Note: Adjustments are multiplicative and applied in sequence—premium first, then discount. The multiple should reflect the same basis (controlling vs. minority) as your adjustments.

Practical Notes

  • Pricing Strategy Impact: Businesses with recurring revenue, diversified customer bases, and strong gross margins (40%+) command higher multiples. If your gross margin is below 30%, expect a discount.
  • Trade & E-commerce Specifics: For e-commerce, factor in customer acquisition cost (CAC) and lifetime value (LTV). A business with 70%+ repeat customers may see a 0.5-1.0 multiple premium over industry average.
  • Margin Thresholds: EBITDA margins below 10% often shift valuation to revenue multiples. SDE margins above 40% can justify top-quartile multiples.
  • Market Benchmarks: Always compare to recent sales of similar businesses in your geography and niche. Public company multiples are 2-3× higher than private—adjust accordingly.

Why This Tool Is Useful

This calculator demystifies business valuation by breaking down the components—financial performance, industry multiples, and key adjustments. It helps sellers set realistic asking prices, buyers assess offers, and owners understand value drivers. By testing scenarios (e.g., improving margins by 5% or finding a higher multiple), you can prioritize actions that increase enterprise value. It’s a quick sanity check before engaging expensive appraisers.

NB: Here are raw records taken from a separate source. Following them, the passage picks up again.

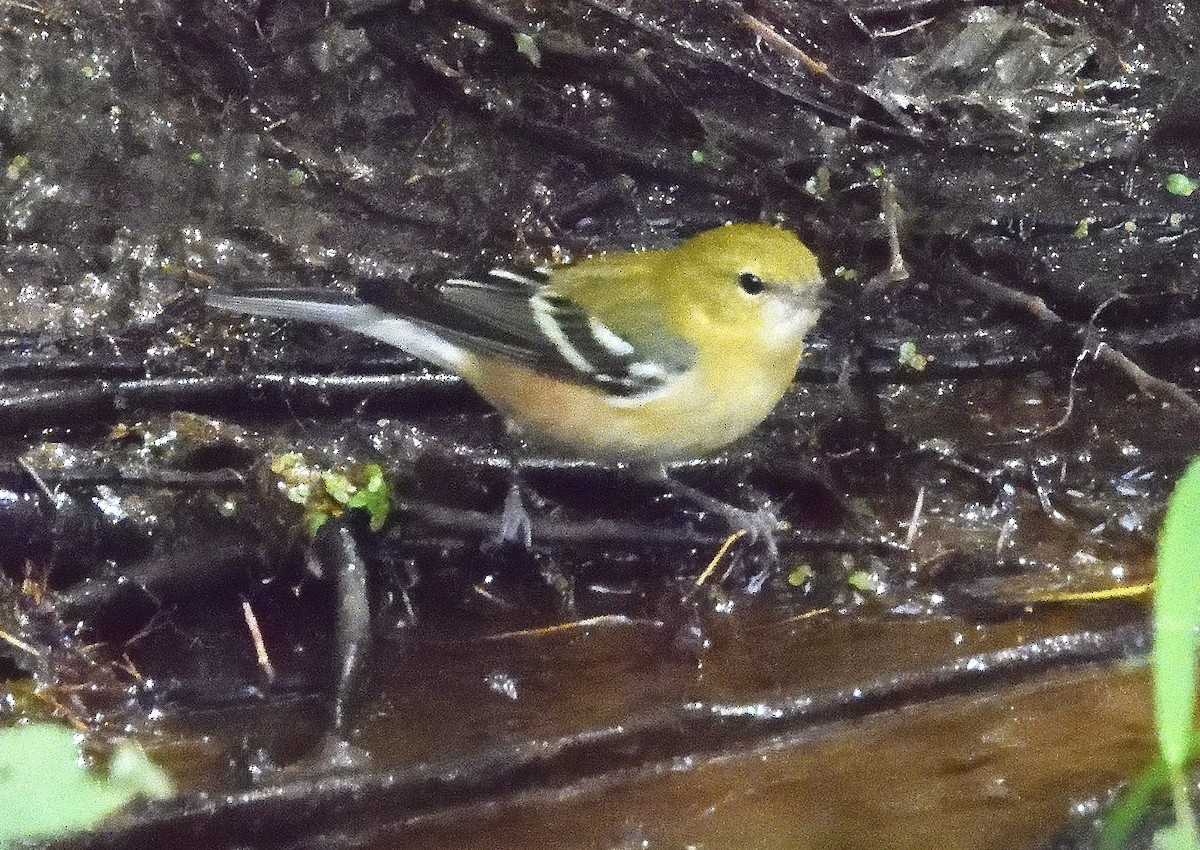 Bay-breasted Warbler - ML623343523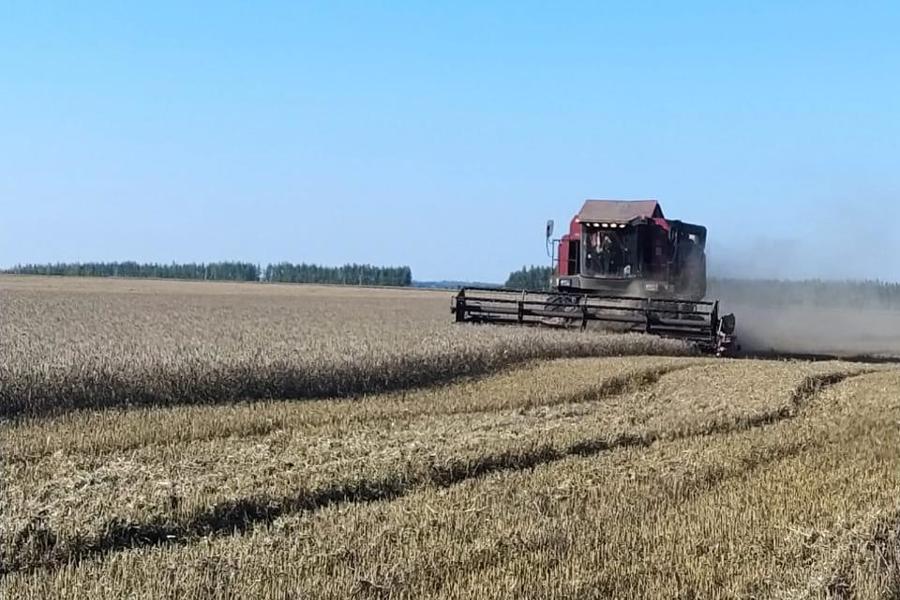 Погода благоволит аграриям. Уборка урожая идет полным ходом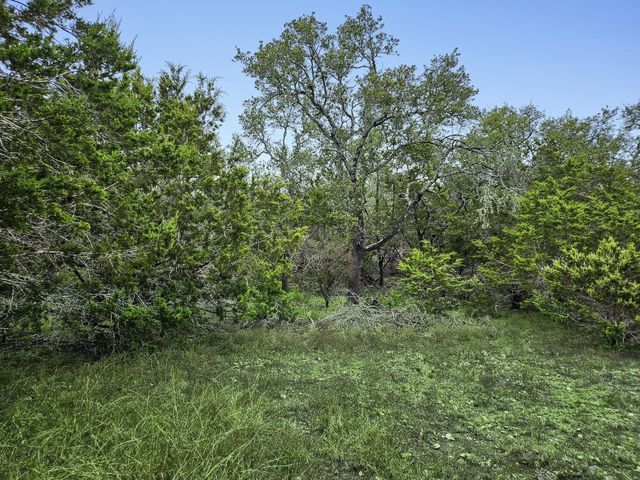 157 Verbena Circle, Spring Branch, TX 78070
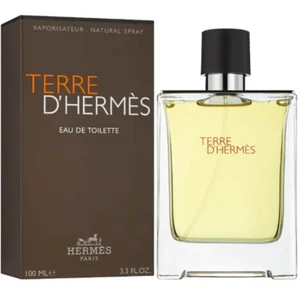 Hermes Terre D'Hermes EDT 100 ml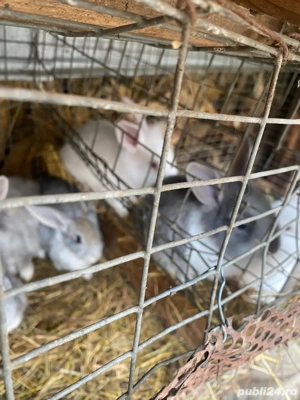 Vand iepuri - imagine 2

Frequently Asked Questions

What if my business has negative EBITDA but positive revenue?

Use the revenue multiple method, but expect a lower multiple (often 0.2-0.8×). Focus on path to profitability—buyers discount negative cash flow heavily. Consider asset-based valuation as a floor.

How do I find the right industry multiple?

Check resources like BizBuySell’s annual reports, industry associations, or business brokers. For e-commerce, look at Shopify Exchange or Empire Flippers listings. Adjust for size: smaller businesses (<$1M revenue) typically get lower multiples than larger ones.

Should I include owner salary in SDE?

Yes. SDE = Net Profit + Owner’s Salary + Interest + Taxes + Depreciation + Non-recurring/non-cash expenses. It represents total cash flow available to a full-time owner-operator. If you plan to hire a manager, reduce SDE by that salary first.

Additional Guidance

This tool provides estimates, not formal appraisals. For legal or financing purposes, hire a certified business appraiser. Remember that valuation is as much art as science—intangible factors (brand strength, team, patents) can add 10-30% premium. Keep clean financial records; messy books destroy credibility and value. Finally, market conditions change: in economic downturns, multiples compress 15-25% from peak cycles.